Off the timeline, onto the map: spatial point processes

Now take the idea of "completely random events" and scatter it across a map instead of along a clock. Stars in a patch of sky, trees in a forest, typos on a page, defects on a silicon wafer, cell-phone users across a city — when points fall with no preference and no interaction, the [[spatial-poisson-point-process|spatial Poisson point process]] is the model. It is the two- and three-dimensional cousin of the Poisson process, and it is the benchmark statisticians mean by "complete spatial randomness".

Its dial is now an intensity lambda, the expected number of points per unit area (or volume). The two defining rules mirror the time case exactly: the number of points in any region A is Poisson with mean lambda times the area of A, and counts in non-overlapping regions are independent. The familiar conditional miracle reappears too — given that exactly n points land in a region, those n points are placed independently and uniformly over it, completely without pattern. And just as in time, the intensity may vary across space as lambda(x), giving a non-homogeneous spatial process whose mean count in A is the integral of lambda over A.

TIME version            <-->   SPACE version
rate lambda (per time)  <-->   intensity lambda (per area)
count in (s,t]          <-->   count in region A
  ~ Poisson(lambda*(t-s))        ~ Poisson(lambda*area(A))
disjoint intervals indep <-->  disjoint regions indep
given n in window:       <-->  given n in region:
  uniform on the window          uniform over the region
The spatial Poisson process is the time process with "length" replaced by "area".

Random scatter clumps — and that fools the eye

Here is the most important honest caveat of the whole spatial picture, and it surprises almost everyone.
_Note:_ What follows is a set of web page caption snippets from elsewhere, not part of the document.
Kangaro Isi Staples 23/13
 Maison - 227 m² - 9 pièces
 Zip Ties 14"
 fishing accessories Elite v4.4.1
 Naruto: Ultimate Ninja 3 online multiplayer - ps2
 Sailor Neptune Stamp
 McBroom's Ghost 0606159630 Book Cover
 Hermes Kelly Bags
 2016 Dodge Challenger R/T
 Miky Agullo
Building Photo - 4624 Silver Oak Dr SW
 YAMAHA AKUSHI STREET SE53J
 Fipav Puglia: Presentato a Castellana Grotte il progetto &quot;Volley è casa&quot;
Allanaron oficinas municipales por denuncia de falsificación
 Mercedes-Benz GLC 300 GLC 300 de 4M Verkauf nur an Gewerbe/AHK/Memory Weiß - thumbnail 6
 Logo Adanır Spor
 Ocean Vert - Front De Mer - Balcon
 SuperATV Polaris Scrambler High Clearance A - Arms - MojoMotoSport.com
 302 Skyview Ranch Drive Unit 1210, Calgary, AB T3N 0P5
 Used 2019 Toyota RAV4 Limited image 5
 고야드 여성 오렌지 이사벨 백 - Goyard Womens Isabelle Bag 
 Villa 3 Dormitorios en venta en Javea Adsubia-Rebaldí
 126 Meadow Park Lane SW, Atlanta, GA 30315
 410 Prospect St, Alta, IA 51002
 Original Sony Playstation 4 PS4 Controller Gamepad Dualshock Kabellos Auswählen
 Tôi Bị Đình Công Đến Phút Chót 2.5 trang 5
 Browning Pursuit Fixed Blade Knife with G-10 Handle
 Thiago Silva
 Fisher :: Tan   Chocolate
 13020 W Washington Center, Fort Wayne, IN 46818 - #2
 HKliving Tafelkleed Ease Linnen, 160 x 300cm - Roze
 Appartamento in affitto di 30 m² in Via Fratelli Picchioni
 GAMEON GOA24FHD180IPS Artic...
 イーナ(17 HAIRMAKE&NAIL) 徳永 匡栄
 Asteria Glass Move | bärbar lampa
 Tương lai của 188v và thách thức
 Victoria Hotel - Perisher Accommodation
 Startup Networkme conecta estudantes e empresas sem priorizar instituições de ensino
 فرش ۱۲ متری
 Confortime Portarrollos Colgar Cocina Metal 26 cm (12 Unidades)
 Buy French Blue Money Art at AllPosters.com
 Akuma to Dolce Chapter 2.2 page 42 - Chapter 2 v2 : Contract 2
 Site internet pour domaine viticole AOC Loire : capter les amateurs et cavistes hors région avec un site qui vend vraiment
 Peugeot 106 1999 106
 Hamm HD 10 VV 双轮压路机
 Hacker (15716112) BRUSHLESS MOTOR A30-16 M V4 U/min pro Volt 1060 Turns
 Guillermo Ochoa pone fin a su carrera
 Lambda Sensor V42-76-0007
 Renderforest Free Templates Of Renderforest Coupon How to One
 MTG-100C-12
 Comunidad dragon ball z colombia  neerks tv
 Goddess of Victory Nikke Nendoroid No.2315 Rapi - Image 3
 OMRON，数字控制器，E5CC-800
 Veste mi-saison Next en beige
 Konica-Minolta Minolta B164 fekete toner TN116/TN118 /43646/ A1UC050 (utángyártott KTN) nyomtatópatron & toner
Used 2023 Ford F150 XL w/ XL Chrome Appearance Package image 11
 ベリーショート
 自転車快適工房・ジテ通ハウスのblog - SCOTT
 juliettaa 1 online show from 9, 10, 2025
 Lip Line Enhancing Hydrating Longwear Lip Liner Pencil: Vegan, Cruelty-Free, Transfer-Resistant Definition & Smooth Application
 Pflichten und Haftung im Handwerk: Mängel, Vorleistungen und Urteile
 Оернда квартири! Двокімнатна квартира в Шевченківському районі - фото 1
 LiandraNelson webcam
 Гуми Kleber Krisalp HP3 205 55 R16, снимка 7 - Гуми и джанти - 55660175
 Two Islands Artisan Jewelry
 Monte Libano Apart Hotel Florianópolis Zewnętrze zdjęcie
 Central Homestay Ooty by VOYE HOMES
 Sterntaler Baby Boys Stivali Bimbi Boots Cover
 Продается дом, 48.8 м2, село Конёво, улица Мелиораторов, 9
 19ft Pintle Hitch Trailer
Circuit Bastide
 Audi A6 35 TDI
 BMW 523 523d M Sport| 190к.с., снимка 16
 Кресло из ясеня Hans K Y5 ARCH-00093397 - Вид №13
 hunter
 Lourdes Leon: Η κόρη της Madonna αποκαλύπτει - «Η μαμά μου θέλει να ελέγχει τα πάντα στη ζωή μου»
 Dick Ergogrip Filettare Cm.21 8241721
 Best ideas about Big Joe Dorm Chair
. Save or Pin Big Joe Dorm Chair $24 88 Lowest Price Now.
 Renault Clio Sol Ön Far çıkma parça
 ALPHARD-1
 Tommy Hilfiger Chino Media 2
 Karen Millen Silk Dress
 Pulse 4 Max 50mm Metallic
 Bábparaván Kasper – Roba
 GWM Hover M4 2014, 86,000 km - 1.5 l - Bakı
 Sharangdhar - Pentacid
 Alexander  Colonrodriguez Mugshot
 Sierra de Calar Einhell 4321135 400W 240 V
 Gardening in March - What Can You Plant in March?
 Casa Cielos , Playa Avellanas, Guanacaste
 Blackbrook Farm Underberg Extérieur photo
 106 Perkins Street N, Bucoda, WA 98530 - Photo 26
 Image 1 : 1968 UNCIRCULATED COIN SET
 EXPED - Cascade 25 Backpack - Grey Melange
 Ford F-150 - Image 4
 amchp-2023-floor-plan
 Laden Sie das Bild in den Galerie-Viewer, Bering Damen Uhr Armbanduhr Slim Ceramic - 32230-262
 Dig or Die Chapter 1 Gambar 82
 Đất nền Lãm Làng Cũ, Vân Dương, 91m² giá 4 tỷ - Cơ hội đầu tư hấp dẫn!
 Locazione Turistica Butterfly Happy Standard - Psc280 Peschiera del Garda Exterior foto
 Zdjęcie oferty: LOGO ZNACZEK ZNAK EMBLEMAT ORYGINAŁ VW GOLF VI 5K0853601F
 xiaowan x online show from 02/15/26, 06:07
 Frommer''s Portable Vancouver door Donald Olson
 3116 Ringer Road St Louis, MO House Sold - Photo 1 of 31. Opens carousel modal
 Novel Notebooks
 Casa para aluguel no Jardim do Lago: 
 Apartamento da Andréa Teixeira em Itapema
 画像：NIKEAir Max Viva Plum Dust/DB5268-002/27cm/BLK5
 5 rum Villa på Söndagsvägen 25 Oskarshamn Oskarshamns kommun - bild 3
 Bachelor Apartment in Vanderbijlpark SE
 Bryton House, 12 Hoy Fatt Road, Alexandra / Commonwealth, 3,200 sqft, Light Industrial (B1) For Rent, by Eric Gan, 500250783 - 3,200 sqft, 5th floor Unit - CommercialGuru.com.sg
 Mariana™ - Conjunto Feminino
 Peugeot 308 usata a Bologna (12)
Under complete spatial randomness, the points still LOOK clustered to the eye. Throw n uniform darts at a map and you will inevitably see clumps here and bald patches there. People expect "random" to mean "evenly spread", but evenly spread is the opposite of random — it is what you get from a regular grid, which is highly ordered. Genuine randomness produces clumps and voids; a pattern with no clumps at all would be evidence of repulsion, not randomness.

This is why the spatial Poisson process is treated as a null hypothesis rather than a discovery. An ecologist seeing apparent clumps of seedlings cannot conclude "the trees attract each other" — random scatter would clump too. The honest question is comparative: are the trees MORE clustered than spatial-Poisson randomness predicts (seedlings sprouting near parents) or MORE regular than it predicts (mature trees competing and spacing themselves out)? You quantify the deviation from the Poisson benchmark; the benchmark itself is the yardstick, not the conclusion. This is the same discipline as everywhere in statistics: a pattern is only meaningful against what pure chance would have produced.

Step back and admire how much one idea has stretched. The same kernel — points sprinkled completely at random, with independent counts in disjoint pieces and Poisson totals — runs through every variant in this guide: a breathing rate in time, a random weight per event, a tag on each point, a scatter across space. The marking theorem ties them into one family, the non-homogeneous version swaps length for area-under-a-curve, and the spatial version swaps time for area. Guide 5 lifts the last constraint of all — that the gaps be exponential — to reach renewal processes, and there we meet the delightfully counterintuitive inspection paradox.